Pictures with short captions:
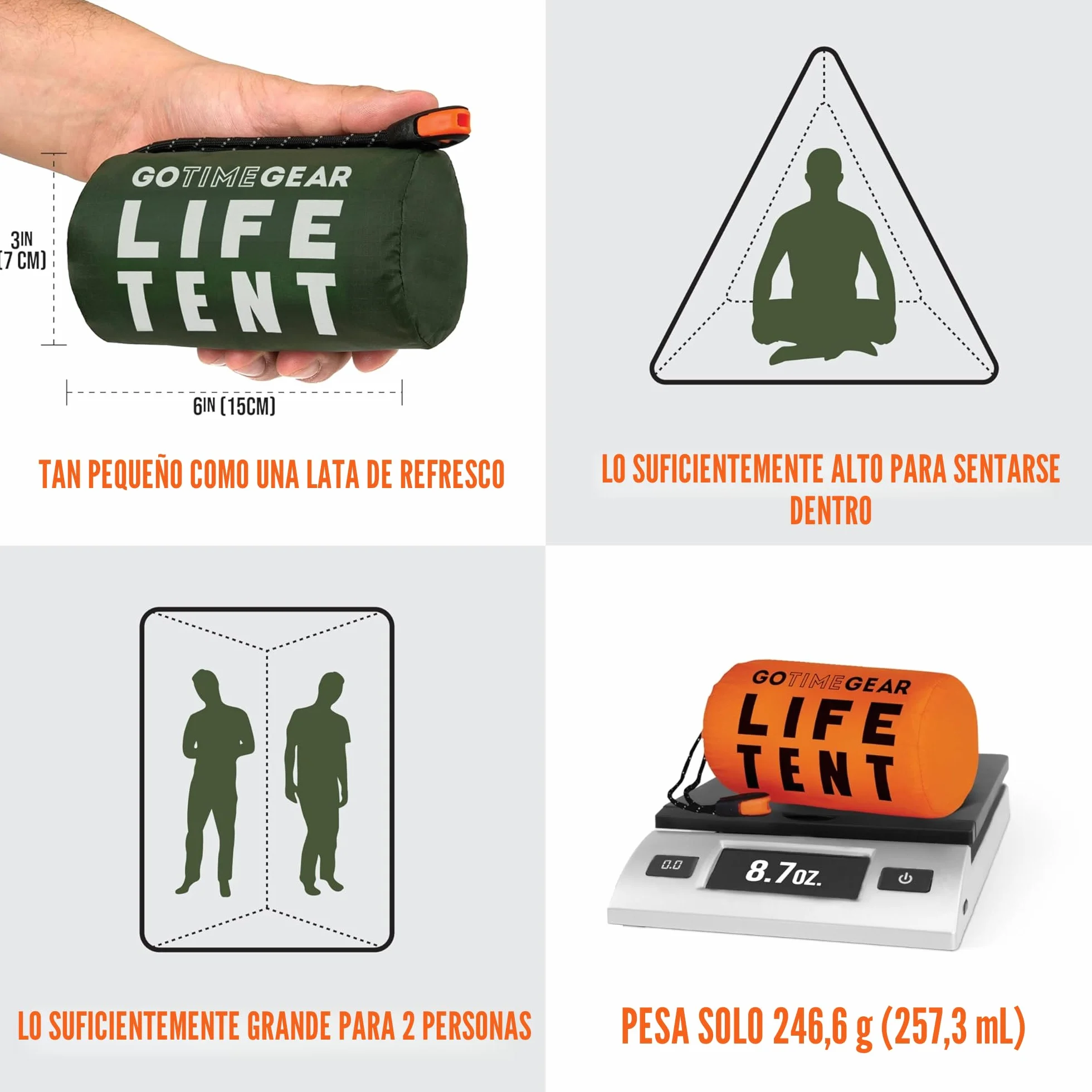 Go Time Gear Life Tent - Tienda de campaña de Supervivencia de Emergencia para 2 Personas, Uso como Tienda de Supervivencia, Refugio de Emergencia, Tienda de Tubo, Lona de Supervivencia, Incluye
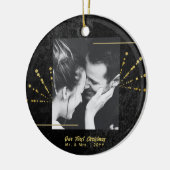 Classy Black Velvet Gold Feuerwerk Erste Weihnacht Keramik Ornament (Links)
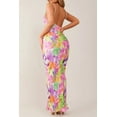thumbnail image 3 of Women's Backless Printed Maxi Cami Dress with Sheer Back and Stretchy Bodice 65% polyester 35% cotton for summer, 3 of 16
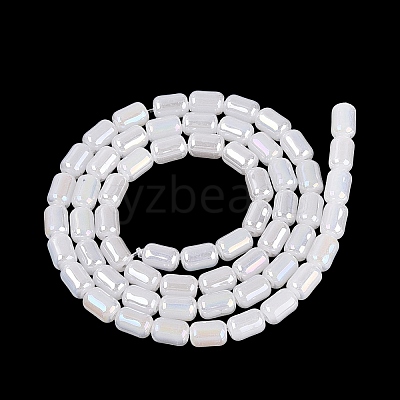 Electroplate Imitation Jade Glass Beads Strands EGLA-Q132-03A-B01-1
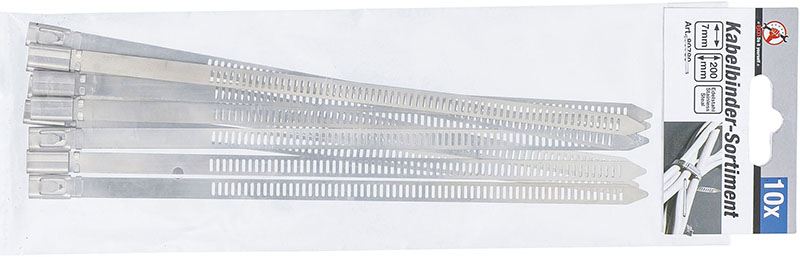 Kraftmann Set 10 Fascette Serracavi In Acciaio Inossidabile – 7 X 200 Mm, Resistente A Corrosione E Alte Temperature, Per Esterni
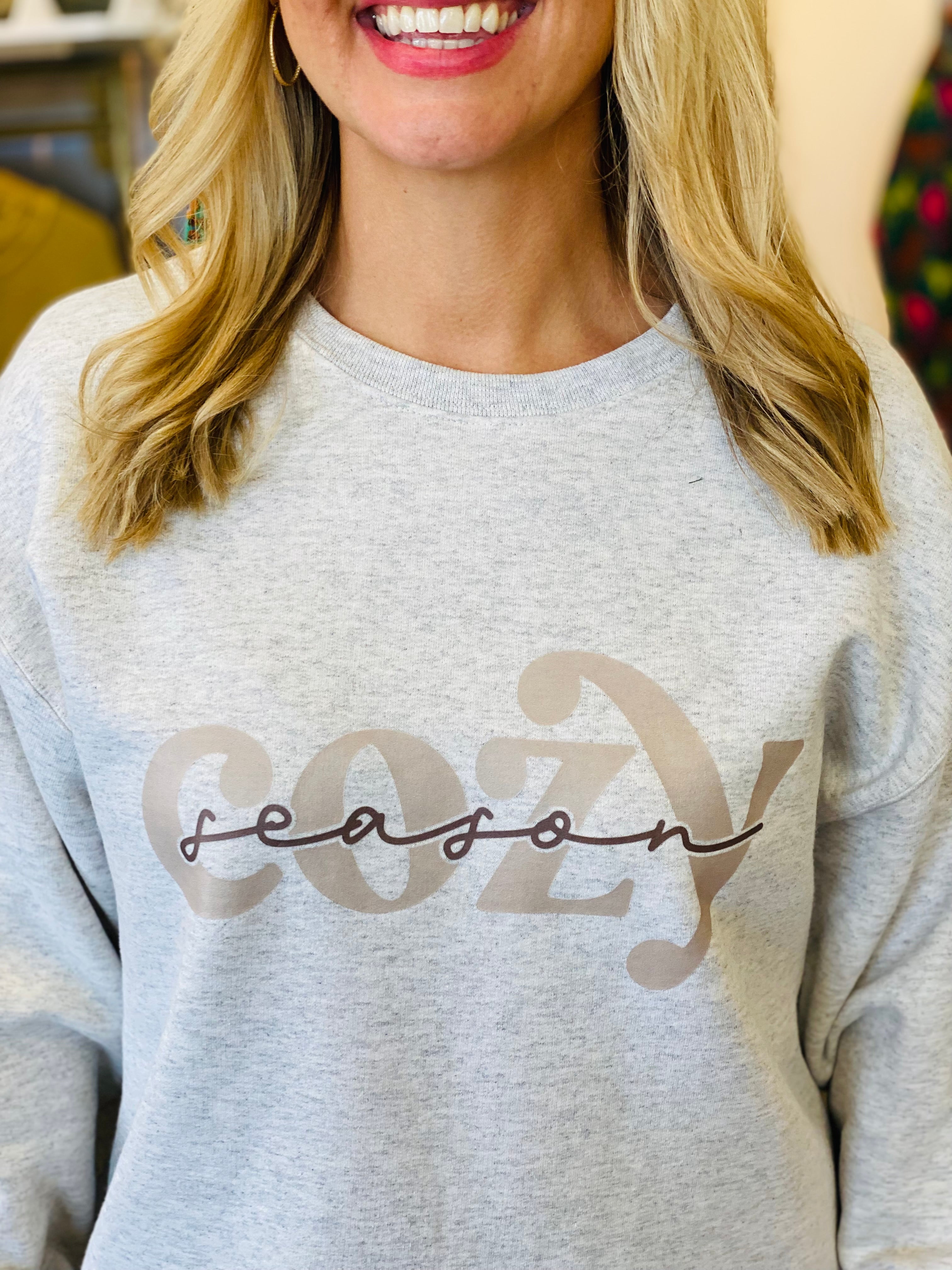 *Pre-Order* Cozy Season Graphic Crewneck-150 Sweatshirts-The Lovely Closet-The Lovely Closet, Women's Fashion Boutique in Alexandria, KY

» **Problem to solve**
Extract the text of all the records above verbatim, excluding pictures.

» **Reply to the task**
 Go Time Gear Life Tent - Tienda de campaña de Supervivencia de Emergencia para 2 Personas, Uso como Tienda de Supervivencia, Refugio de Emergencia, Tienda de Tubo, Lona de Supervivencia, Incluye
 Classy Black Velvet Gold Feuerwerk Erste Weihnacht Keramik Ornament (Links)
thumbnail image 3 of Women's Backless Printed Maxi Cami Dress with Sheer Back and Stretchy Bodice 65% polyester 35% cotton for summer, 3 of 16
 Electroplate Imitation Jade Glass Beads Strands EGLA-Q132-03A-B01-1
 Kraftmann Set 10 Fascette Serracavi In Acciaio Inossidabile – 7 X 200 Mm, Resistente A Corrosione E Alte Temperature, Per Esterni
 *Pre-Order* Cozy Season Graphic Crewneck-150 Sweatshirts-The Lovely Closet-The Lovely Closet, Women's Fashion Boutique in Alexandria, KY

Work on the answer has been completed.